Klasisizm’de görülen insan, sıradan bir insan değildir. Eğitim görmüş soylu bir insandır. Bu insan belli bir toprağın malı değil evrenseldir. Yani eserde insanların tümünde görülebilen, zamanla değişmeyecek özellikler anlatılmıştır. Soylu insanın “bozuk çıkmış nüshaları” saydıkları sıradan kişilere eserlerde yer verilmemiştir.

Akımın Dili ve Üslubu
Klasisizm’de yazar olayları anlatırken kendini gizler. Kendi duygularını, zaaflarını, tutkularını, sırlarını söylemekten kaçınır. Ona göre eser yazarın iç dökme yeri değildir. Okuyucunun ya da seyircinin dikkati sadece konu içindeki tipler üzerinde toplanmalıdır.
Eserde biçim mükemmelliği aranır. Anlatılmak istenen, açık ve net bir biçimde ortaya konmalı, gereksiz sözlerden arınmalıdır. Üslup yapmacıktan uzak, sade ve ağırbaşlıdır. Okurun dikkati söyleyişteki süse değil söylenene çekilir.
Konu gerçek hayata uygun olmalıdır. Okura ya da seyirciye inanılmayacak şey sunmaktan kaçınılır. Konuya değil konunun ele alış biçimine değer verildiğinden aynı olay birçok kez anlatılmıştır. Bu yönüyle Divan edebiyatına benzer.

Kullanılan Türler ve Temsilcileri
Klasisizim’de tiyatroya büyük değer verilir. Özellikle trajedi ve komedi sıkı kurallarla ortaya konur.
Lirik şiir duygusal olduğundan ihmal edilmiştir.
Aşağıda yazarların kullandığı türler ve eserleri verilmiştir.
Trajedi ® Corneille : Le Cid, Horace Racine : Andromaque, İphigenie
Komedi ® Moliere : Gülünç Kibarlar, Tartuffe Zoraki Tabip, Cimri, Kibarlık Budalası, Scapin’in Dolapları, Hastalık Hastası
Manzum mektup ve yergi ® Bouileu
Fabl ® La Fontaine : Fabller
Felsefe ® Descartes : Yöntem Üzerine Nutuk.
®
Pascal : Düşünceler
Porte ® La Bruyere : Karakterler
Roman ® Fenelon: Telemak
®
Mme de la Fayette : Prenses de Clives

ROMANTİZM
XVIII. yüzyıl, sonlarına doğru ortaya çıkmış XIX. yüzyıl başlarında bütün Avrupa’ya yayılmıştır.

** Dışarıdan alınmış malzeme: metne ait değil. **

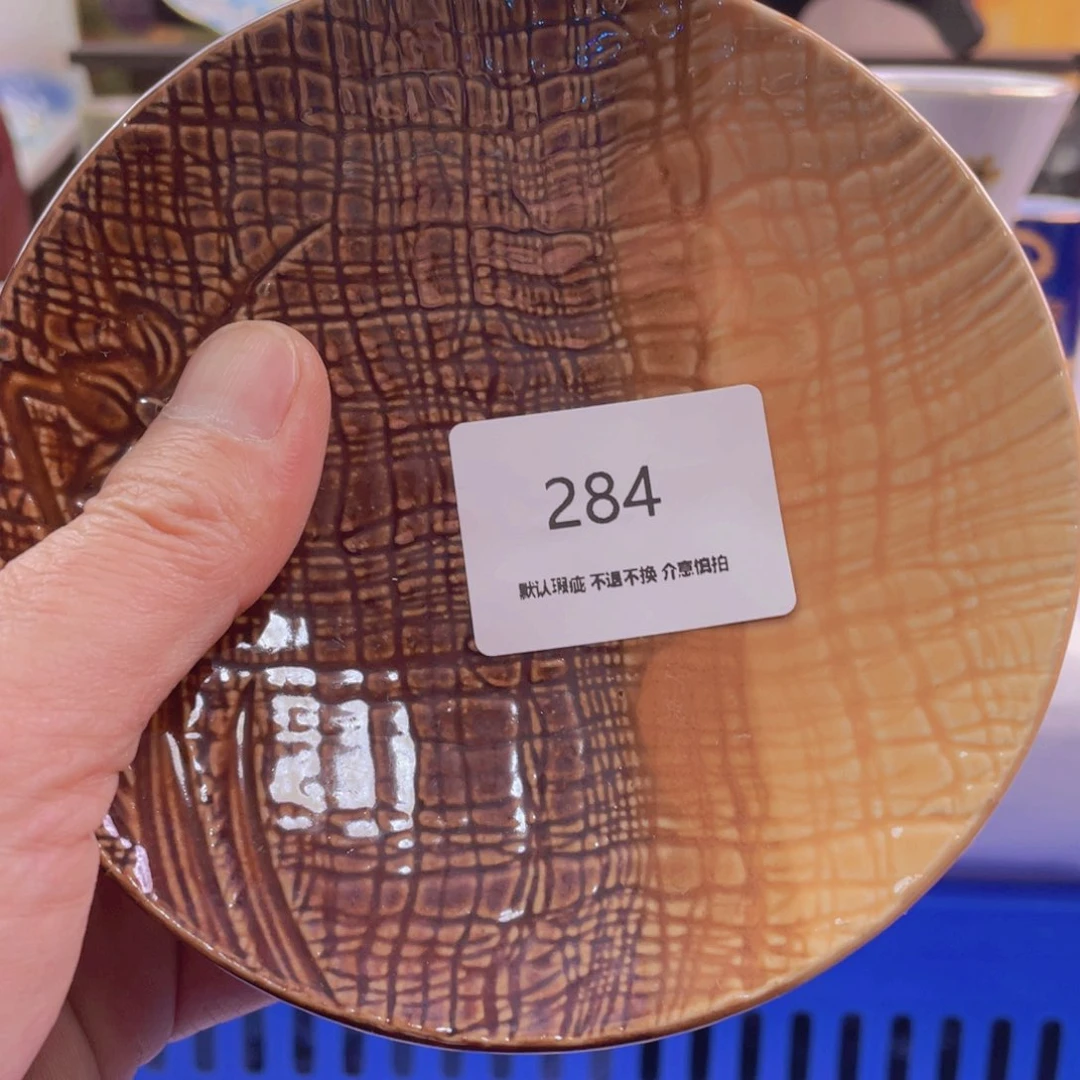 瓷片w**g284海外瓷器默认微瑕，满18包邮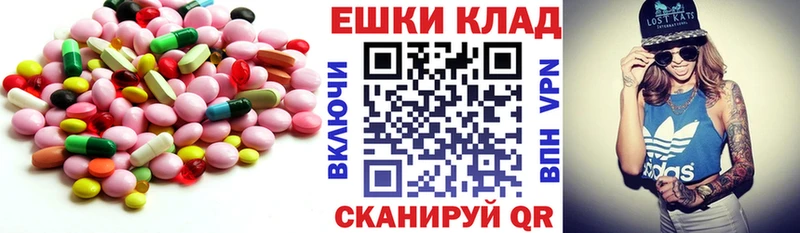 Купить где  Инза  ЭКСТАЗИ круглые 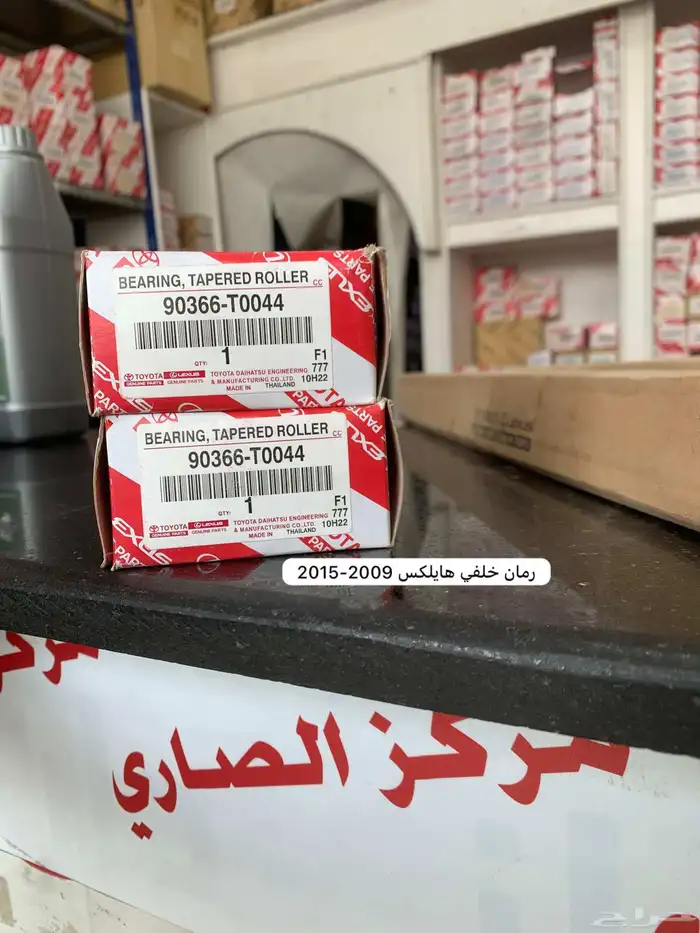 قطع تيوتا اصلي وكاله وباقل الاسعار رقم التواصل 4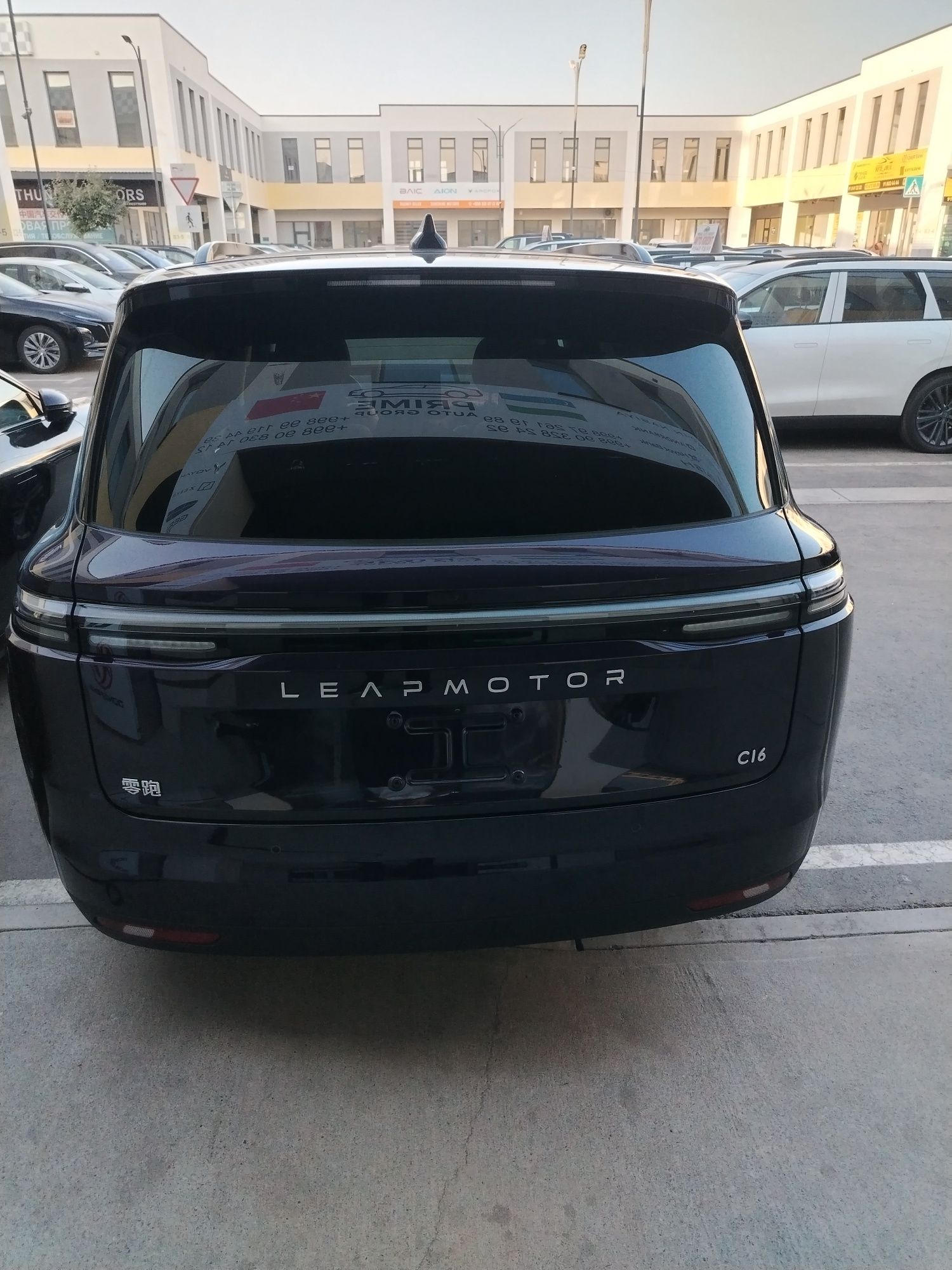 Leapmotor C16 hybrid 3 pozitsa Lidarli zor narxlarda.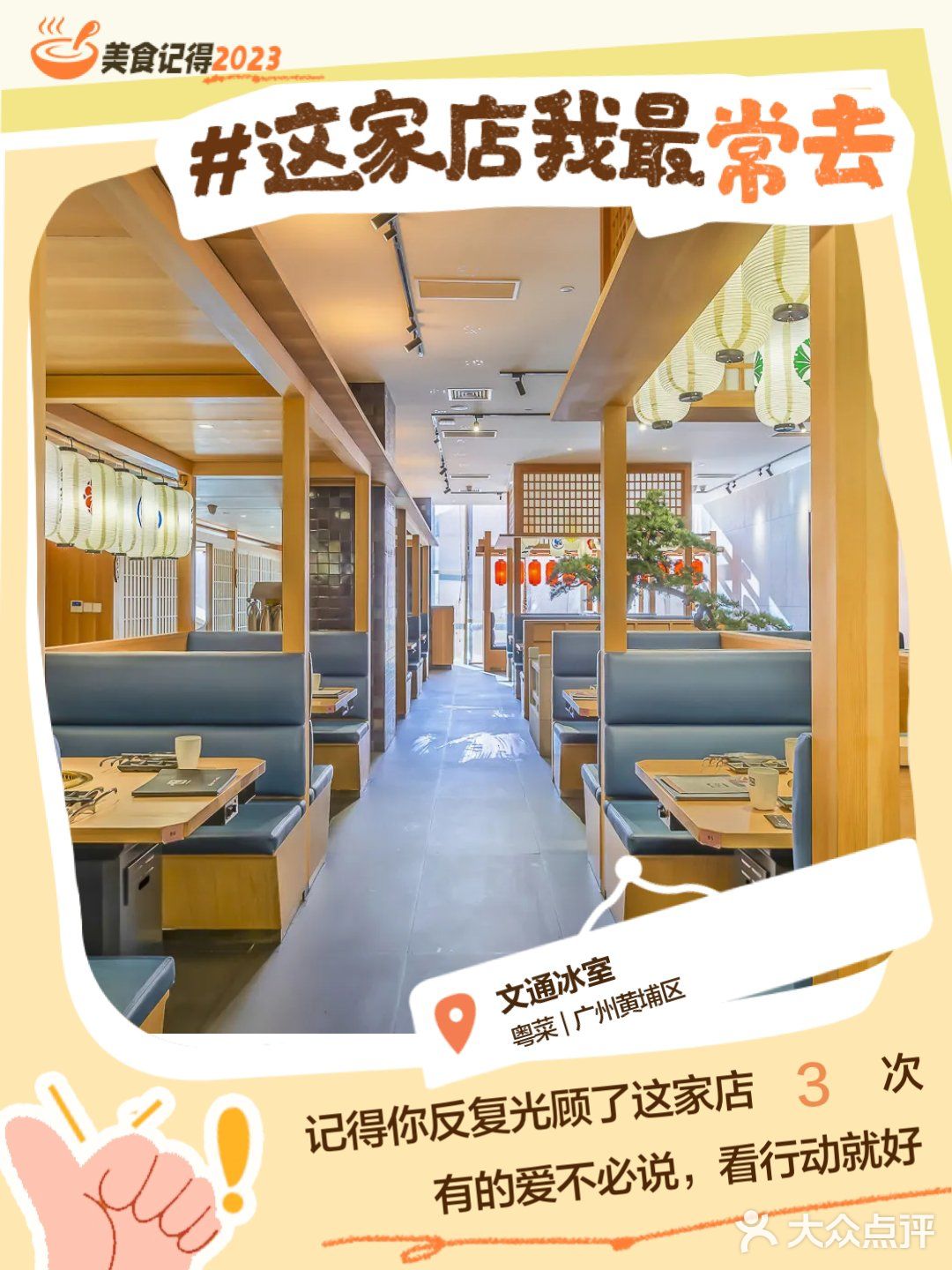 美食记得2023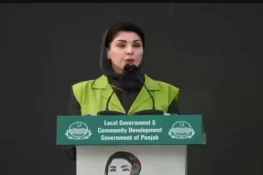 وزیراعلیٰ مریم نواز کا ستھرا پنجاب ورکرز کو راشن کارڈ دینے کا اعلان، ڈیڑھ لاکھ ملازمین کو خراج تحسین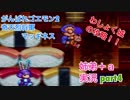 □■がんばれゴエモン2 奇天烈将軍マッギネスを３人で実況プレイ part4【姉弟＋ａ実況】
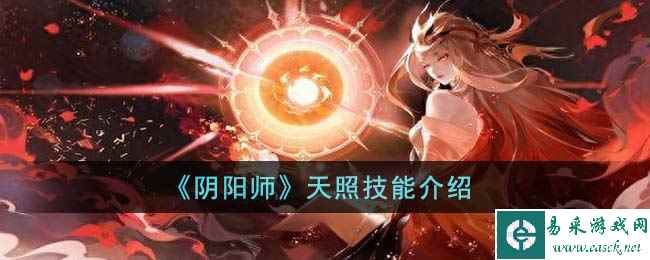 《阴阳师》天照技能介绍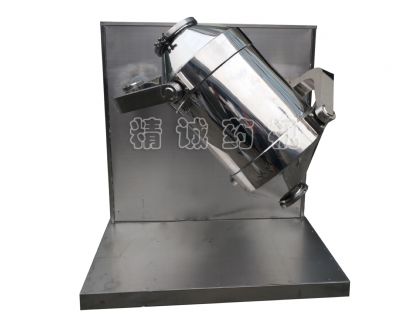 點(diǎn)擊查看詳細(xì)信息<br>標(biāo)題：三維運(yùn)動(dòng)混合機(jī) 閱讀次數(shù)：11467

Klasik sanatın sıkı kurallarına bir tepki olarak doğmuştur.

Akımın Oluştuğu Ortam
18. yüzyıl, aydınlanma çağı olarak görülür. Klasisizmin ortaya koyduğu akıl ve sağduyu, bilimin gelişmesini hızlandırmış, toplum yapısı, gelenekler, siyaset yeniden bilimsel açıdan ele alınmıştır.
Bunun sonucu olarak Jean Jacques Rousseau, Montesquieu, Diderot gibi felsefeciler, ilerlemeye engel oluşturan tüm önyargı ve zorbalığa karşı düşünce yoluyla çetin bir savaş açmış, dinsel hoşgörü, toplumsal ve siyasal eşitlik, birey haklarına ve düşünce özgürlüğüne saygı gibi konuları halka yaymaya çalışmışlardır.
Bu fikirler halk tarafından benimsenmiş ve sonuçta Fransız İhtilali patlak vermiş, monarşi yıkılmış, soylulara karşı burjuva sınıfı oluşmuştur. İşte Romantizm, böyle bir ortamda doğmuştur.

Akımın Felsefesi
Romantizmin ana felsefesi Klasisizme karşı olmaktır. Onun sanatçıyı sıkan bütün prensiplerine savaş açan Romantikler önce, onun akla ve sağduyuya verdiği önemi reddedip duygu ve hayale değer verdiler. “Deha akıldadır.” diyen Klasiklere, “Deha yürektedir.” karşılığını verdiler. Sınırsız bir hayal gücüne kavuşan sanatçı kendini daha özgür, daha yaratıcı gördü. Bu duyguyla oluşan sanat eserinde de alabildiğine serbestlik hakim oldu.

Akımın Konusu
Klasik akımı benimseyen sanatçıların eski Yunan ve Latin edebiyatlarına değer vermesine karşılık, Romantikler onları çağdışı bulmuş, sanatçılar kendi tarihlerini ve günlük yaşantılarını ön plana çıkarmışlardır. Klasisizm’de ihmal edilen Hristiyanlık, tekrar, mucizeleriyle ele alınmıştır.
Ulusallık, yerli renk, aranan bir nitelik haline gelmiş, evrensellik ikinci plana itilmiştir.
Romantizm’de görülen insan tipi, Klasisizm’deki gibi soyut değildir. Aksine çevresiyle, fiziğiyle belli biridir.
Ancak kişiler tek yönlüdür. Yani ya hep iyi ya hep kötüdür. Eser sonunda iyiler ödüllendirilir, kötüler cezalandırılır. Bu yönüyle insan yine tam olarak ele alınmamıştır diyebiliriz. Eserlerde her tür kişiye rastlanır. Sıradan insanlar, soylular tıpkı hayattaki gibi iç içedir.

Akımın Dili ve Üslubu
Romantik yazar, Klasik yazarın tersine, kendini gizlemeyip, olaylar ve durumlar karşısında kendi duygu ve düşüncelerini anlatır. Romantiklere göre “İnsan başkasına yükleyerek, ancak kendi kalbini tasvir eder; deha anılardan oluşur.” Elbette böyle düşünen sanatçı, işe kendini anlatarak başlar.
Eserlerde kullanılan dil, duygu ve hayallerin coşkunluğu ölçüsünde dağınık ve başıboştur. Sözcük seçimine pek önem vermemişlerdir. Temelde halkın kullandığı dil esas alınmıştır.
Süse ve sanata değer verdiklerinden, benzetmeler, mecazlar eserde büyük yer tutar. Özellikle doğa manzaralarının betimlenmesine büyük değer verilir.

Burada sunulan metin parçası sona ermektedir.